Methods: 60 cases of primary liver cancer confirmed by pathology were examined by two-dimensional and color Doppler ultrasonography before operation, and the blood flow classification was carried out. The expression of HIF-1 alpha and MVD in liver cancer tissues was detected by immunohistochemistry.
Results: the ultrasound blood flow classification of liver cancer was I grade HIF-1a, MVD expression rate was (64.37 + 3.02), (39.32 + 3.71), blood flow classification was II grade HIF-1a, MVD expression rate was (79.94 + 2.97), (62.25 + 3.80), III grade HIF-1a, MVD expression rate was (92.61 + 3.10), (85.16 + 2.33), HIF-1 alpha, MVD phase of ultrasonic liver cancer When the blood flow classification was III grade, the expression rate of MVD was the highest, which was 92.61% + 3.10,85.16% + 2.33 respectively. The expression rate of HIF-1a and MVD in normal liver tissues was 12.28% + 7.21,11.33% + 7.21 respectively. The two groups had significant difference (P0.05).

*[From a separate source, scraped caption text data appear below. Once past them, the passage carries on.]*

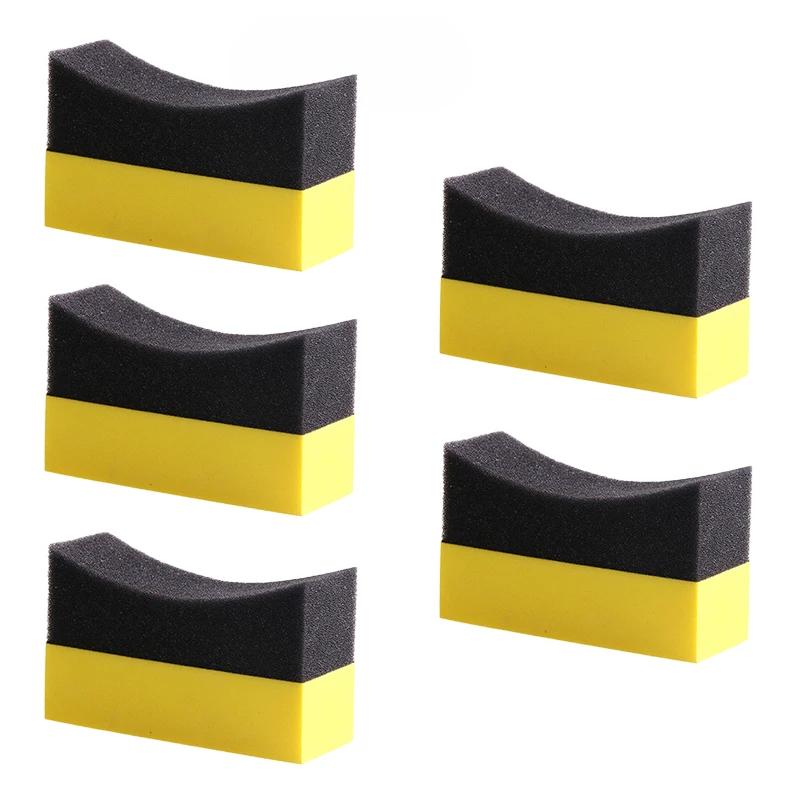 Car multifunctional blind spot cleaning sponge for household use, car cleaning sponge, car cleaning and washing tool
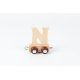 Kinder and Kids Namntg bokstav N, Natur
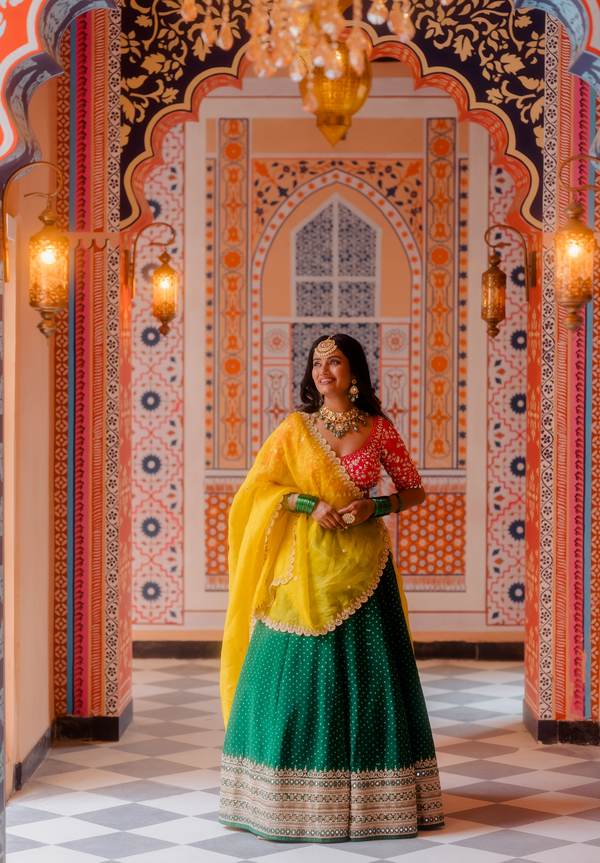 Pratiksha Lehenga Set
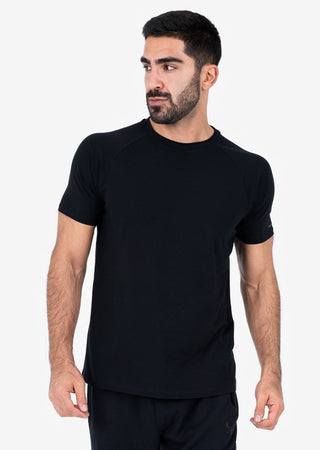 LC Mens Essential Tee Black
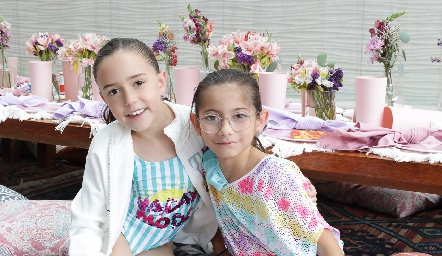 María Valentina e Isabella.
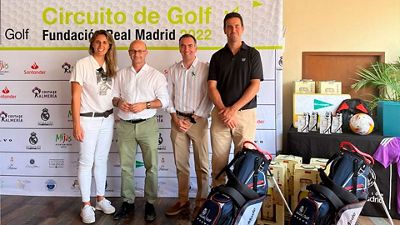Mijas acogió el Circuito Solidario de Golf Fundación Real Madrid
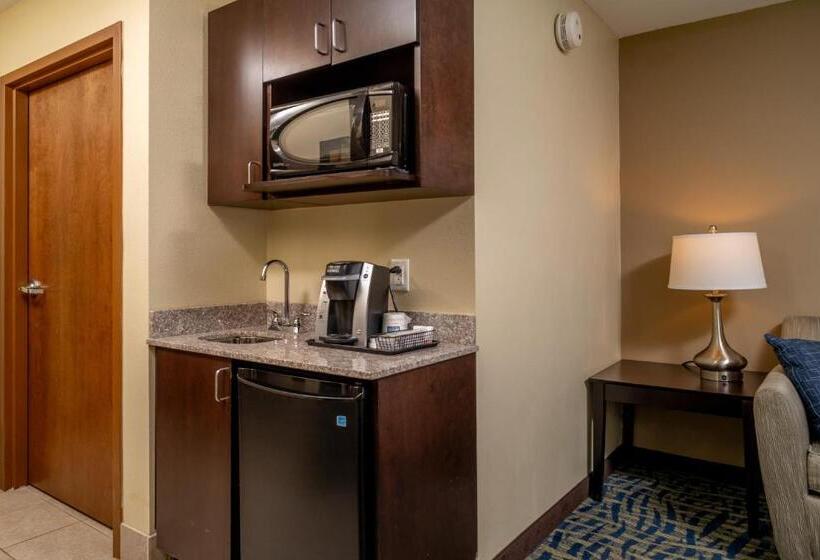 带大床的套房, Holiday Inn Express & Suites Lebanon, An Ihg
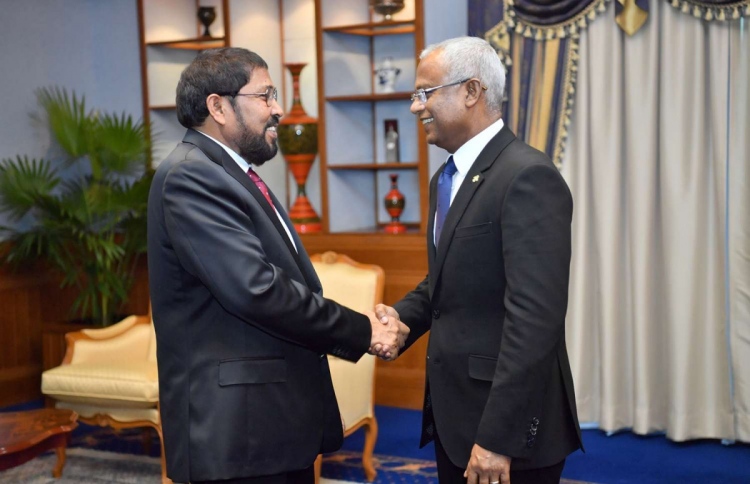 ކޯލިޝަނާ ގުޅޭ ގޮތުން ރައީސް ޖޭޕީއާ މަޝްވަރާކުރައްވާނެ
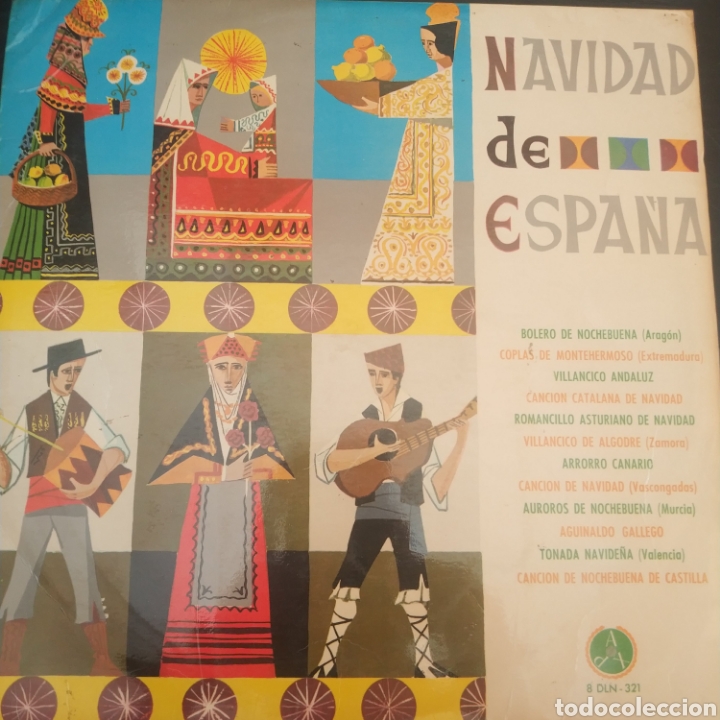 Discos de vinilo: Navidad Espa&ntilde;a villancicos - Foto 1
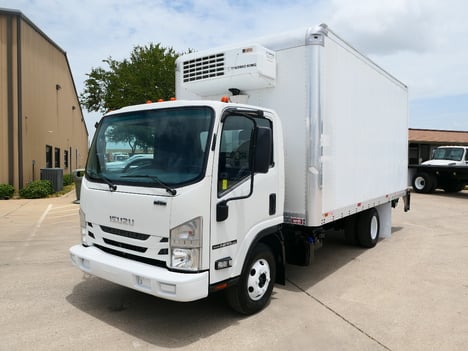 2019 ISUZU NPR-HD Reefer Truck #6468 2019 ISUZU NPR-HD Reefer Truck #6468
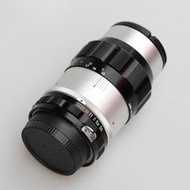 Nikon尼康135mm f3.5 AIS NIKKOR-Qauto手動長焦定焦人像鏡頭二手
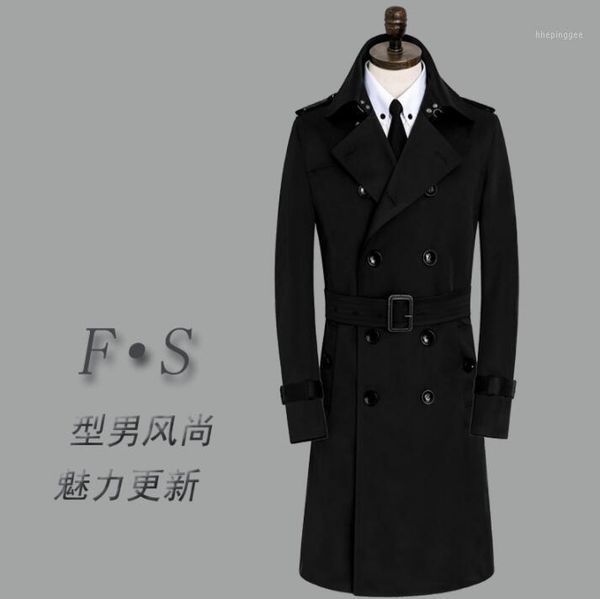 men's trench coats mens black belt spring autumn man double breasted long coat men clothes slim fit overcoat sleeve s - 9xl1, Tan;black
men's trench coats mens black belt spring autumn man double breasted long coat men clothes slim fit overcoat sleeve s - 9xl1, Tan;black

Conclusion: the expression of HIF-1a is closely related to the formation of neovascularization of liver cancer. The higher expression of MVD, the higher the expression of HIF-1 a, the more rich the color Doppler shows, the ultrasound flow classification of liver cancer can provide a theoretical basis for the clinical diagnosis and treatment of liver cancer.
Objective: To study the expression of insulin growth factor -II (Insulin-like growth factor, IGF-II) and proliferating cell nuclear antigen (proliferating cell nuclear) in the residual cancer of rabbit liver VX2 tumor (Radiofrequency Ablation, RFA).
Methods: 28 rabbits and 3 rabbits with VX2 tumor bearing only were used as passage rabbits, and the remaining 23 rabbits were implanted with intrahepatic tumors under ultrasound guidance to establish a VX2 liver cancer model. The tumor tissue surrounding the tumor was harvested from the tumor rabbit. 2 rabbits were taken randomly from the tumor rabbits. After local anesthesia, the scalpel broke the skin, and the tumor block was sent to the subcutaneous and passages with tweezers. Under the guidance of ultrasonic guidance, the VX2 tumor particles were inoculated into 23 experimental rabbits' liver and made into a liver cancer model. The experimental rabbits were randomly divided into 5 groups: 3 control group (group A) and no RFA treatment; the remaining 20 were treated by ultrasound guided RFA, the range of radiofrequency was 2/3 of the maximum radius of the tumor. 5 rats were divided into group 0h (group B) after radiofrequency, 5 in group 1W (group C) after radiofrequency, 5 in group 2W (group D) after radiofrequency, 5 in group 4W (group E) after radiofrequency. After ultrasound examination, the rabbits were killed and specimens were cut and specimens were cut, and the expression of IGF-II and PCNA in group A tumor and B-E group was observed by immunohistochemistry.
Results: 1. the results were as follows: 2-4w ultrasound examination after inoculation, 23 rabbits were planted successfully. Ultrasound showed round or circular hypoechoic tumor in the liver planting area. The internal echo was uniform, the size was 1.5 + 0.5cm, the boundary was clear, no envelope echo, the blood flow rich.A group was confirmed by pathology, and the success rate of grafting was 100%.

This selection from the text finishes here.